Neben der Gitarre fand sie so eine Art Tagebuch einer Unbekannten, in dem diese von einem Auftritt eines Gitarristen namens Dissy berichtet. Weiterhin stützt sie sich auf Filmaufnahmen und einen Tonbandmitschnitt, auf dem der Song „Dark Birds“ zu hören ist, mit dem Dissy Watkins damals der große Durchbruch gelang. Filmrollen und Tonband sind mit dem Datum 29.10.1966 beschriftet. „Dark Birds“ erschien aber erst im Dezember 1966. Es wäre also das erste Mal, dass dieser Song in der Öffentlichkeit gespielt wurde, und es wäre der erste öffentliche Auftritt von „The Dissy-Watkins-Project“.
Falls es sich wirklich um keine Fälschung handelt, wäre das Instrument sicher mehr als eine halbe Million Euro wert.
Kapitel 1
Kapitel 2
Kapitel 3
Kapitel 4
Kapitel 5
Kapitel 6
Kapitel 7
Kapitel 8
Kapitel 9
Kapitel 10
Kapitel 11
Epilog
Christoph Leyendecker legte die Zeitung beiseite und schüttelte den Kopf.

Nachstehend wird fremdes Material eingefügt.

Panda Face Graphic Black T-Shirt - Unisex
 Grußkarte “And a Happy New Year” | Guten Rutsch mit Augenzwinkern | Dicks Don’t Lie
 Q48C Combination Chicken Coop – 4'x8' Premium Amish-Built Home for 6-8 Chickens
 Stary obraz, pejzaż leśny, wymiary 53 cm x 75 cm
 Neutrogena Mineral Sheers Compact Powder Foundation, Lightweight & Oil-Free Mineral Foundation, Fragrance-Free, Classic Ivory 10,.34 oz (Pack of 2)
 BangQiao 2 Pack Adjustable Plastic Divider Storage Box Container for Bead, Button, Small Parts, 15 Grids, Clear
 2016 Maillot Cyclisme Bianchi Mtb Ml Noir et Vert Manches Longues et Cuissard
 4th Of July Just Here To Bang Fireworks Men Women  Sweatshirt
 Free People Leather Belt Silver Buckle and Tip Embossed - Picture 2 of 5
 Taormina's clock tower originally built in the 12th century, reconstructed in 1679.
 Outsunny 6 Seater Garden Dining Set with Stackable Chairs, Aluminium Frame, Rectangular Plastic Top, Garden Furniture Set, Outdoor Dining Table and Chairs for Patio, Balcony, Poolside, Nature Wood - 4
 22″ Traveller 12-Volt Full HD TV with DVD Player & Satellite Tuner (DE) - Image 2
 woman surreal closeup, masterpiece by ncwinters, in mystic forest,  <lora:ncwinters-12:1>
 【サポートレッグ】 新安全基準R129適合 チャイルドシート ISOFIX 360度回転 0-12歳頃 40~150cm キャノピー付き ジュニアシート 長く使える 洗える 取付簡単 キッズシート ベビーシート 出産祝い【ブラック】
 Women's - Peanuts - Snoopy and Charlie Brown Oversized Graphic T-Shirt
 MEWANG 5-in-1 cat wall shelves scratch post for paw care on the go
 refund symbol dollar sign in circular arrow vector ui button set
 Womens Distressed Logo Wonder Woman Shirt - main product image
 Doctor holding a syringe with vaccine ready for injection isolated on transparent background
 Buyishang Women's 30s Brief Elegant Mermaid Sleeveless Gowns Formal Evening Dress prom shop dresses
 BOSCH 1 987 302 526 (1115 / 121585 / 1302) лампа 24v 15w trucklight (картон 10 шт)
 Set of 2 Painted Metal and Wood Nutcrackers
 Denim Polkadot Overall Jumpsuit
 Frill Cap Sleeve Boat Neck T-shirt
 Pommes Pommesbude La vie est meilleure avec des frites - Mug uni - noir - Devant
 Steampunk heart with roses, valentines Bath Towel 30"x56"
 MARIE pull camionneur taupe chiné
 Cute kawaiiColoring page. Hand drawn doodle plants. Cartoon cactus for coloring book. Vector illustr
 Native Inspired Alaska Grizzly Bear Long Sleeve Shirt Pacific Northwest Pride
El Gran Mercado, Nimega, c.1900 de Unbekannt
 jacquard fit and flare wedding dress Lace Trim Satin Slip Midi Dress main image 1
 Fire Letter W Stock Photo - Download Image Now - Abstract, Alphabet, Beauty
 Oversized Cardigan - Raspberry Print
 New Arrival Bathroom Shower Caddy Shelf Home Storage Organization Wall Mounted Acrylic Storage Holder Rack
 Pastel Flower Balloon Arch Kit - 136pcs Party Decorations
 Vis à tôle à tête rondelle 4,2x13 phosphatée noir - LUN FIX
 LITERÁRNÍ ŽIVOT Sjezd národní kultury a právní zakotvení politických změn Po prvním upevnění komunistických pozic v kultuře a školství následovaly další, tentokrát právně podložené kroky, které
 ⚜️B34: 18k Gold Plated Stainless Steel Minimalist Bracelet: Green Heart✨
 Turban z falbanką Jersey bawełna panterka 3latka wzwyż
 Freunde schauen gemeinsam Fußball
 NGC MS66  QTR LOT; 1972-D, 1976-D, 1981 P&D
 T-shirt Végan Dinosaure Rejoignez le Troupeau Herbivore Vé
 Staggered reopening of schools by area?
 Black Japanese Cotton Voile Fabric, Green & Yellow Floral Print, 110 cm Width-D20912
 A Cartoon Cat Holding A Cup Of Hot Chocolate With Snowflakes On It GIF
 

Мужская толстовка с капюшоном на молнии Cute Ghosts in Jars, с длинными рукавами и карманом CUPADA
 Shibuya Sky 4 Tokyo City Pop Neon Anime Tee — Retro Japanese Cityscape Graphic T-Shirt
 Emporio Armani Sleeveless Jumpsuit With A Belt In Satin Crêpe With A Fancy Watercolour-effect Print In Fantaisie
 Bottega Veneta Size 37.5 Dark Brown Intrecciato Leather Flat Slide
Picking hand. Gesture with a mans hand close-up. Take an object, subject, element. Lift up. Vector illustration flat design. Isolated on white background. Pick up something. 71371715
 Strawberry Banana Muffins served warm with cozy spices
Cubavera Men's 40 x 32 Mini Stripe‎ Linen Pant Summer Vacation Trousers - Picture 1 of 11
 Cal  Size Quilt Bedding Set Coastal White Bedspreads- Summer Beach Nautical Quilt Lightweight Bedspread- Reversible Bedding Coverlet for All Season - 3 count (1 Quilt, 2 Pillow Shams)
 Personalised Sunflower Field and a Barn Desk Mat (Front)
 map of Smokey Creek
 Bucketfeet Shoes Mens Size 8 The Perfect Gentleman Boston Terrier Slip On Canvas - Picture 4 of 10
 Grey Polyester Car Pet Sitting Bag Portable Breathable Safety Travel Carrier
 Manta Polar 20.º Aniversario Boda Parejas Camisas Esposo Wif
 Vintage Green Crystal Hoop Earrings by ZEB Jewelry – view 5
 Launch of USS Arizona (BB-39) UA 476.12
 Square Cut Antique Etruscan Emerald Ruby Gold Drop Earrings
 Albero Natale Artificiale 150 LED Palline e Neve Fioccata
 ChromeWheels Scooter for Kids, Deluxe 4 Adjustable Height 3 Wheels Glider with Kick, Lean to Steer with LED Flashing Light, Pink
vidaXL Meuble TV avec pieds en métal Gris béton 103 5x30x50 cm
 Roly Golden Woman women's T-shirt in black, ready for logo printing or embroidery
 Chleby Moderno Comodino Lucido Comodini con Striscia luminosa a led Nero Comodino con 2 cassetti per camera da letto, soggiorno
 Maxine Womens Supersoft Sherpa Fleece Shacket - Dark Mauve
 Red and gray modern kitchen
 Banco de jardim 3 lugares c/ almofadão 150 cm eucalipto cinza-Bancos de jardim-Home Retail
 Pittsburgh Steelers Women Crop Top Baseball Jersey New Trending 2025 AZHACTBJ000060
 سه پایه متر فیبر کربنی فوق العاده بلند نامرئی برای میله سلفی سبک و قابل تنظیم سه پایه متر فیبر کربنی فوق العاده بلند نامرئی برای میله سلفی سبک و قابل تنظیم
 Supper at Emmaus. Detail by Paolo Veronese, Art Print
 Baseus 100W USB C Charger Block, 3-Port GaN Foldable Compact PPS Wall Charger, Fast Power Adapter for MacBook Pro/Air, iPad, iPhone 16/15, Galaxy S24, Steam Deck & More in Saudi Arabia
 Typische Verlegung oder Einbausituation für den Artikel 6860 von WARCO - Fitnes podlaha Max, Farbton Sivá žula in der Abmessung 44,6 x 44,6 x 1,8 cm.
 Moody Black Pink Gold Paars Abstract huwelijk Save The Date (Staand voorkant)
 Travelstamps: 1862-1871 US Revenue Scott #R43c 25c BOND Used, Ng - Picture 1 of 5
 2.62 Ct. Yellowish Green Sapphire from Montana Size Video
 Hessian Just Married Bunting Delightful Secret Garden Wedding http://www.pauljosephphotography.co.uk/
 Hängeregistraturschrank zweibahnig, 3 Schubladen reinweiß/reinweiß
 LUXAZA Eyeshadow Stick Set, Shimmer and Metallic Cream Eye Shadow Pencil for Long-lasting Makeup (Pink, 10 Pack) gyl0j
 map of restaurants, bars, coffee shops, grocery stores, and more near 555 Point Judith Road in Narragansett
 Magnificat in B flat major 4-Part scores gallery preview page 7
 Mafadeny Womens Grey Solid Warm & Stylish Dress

„Warum schüttelst du den Kopf?“, erkundigte sich Ulla Stein.
Christoph Leyendecker war der Leiter der Polizeiinspektion Hachenburg. Er wohnte gemeinsam mit seiner Kollegin und Lebensgefährtin Ulla Stein in seinem Elternhaus in Hachenburg. Ulla Stein war für die Kriminalfälle zuständig. Allerdings war sie bei schwereren Verbrechen gehalten, die Kripo Koblenz hinzuzuziehen.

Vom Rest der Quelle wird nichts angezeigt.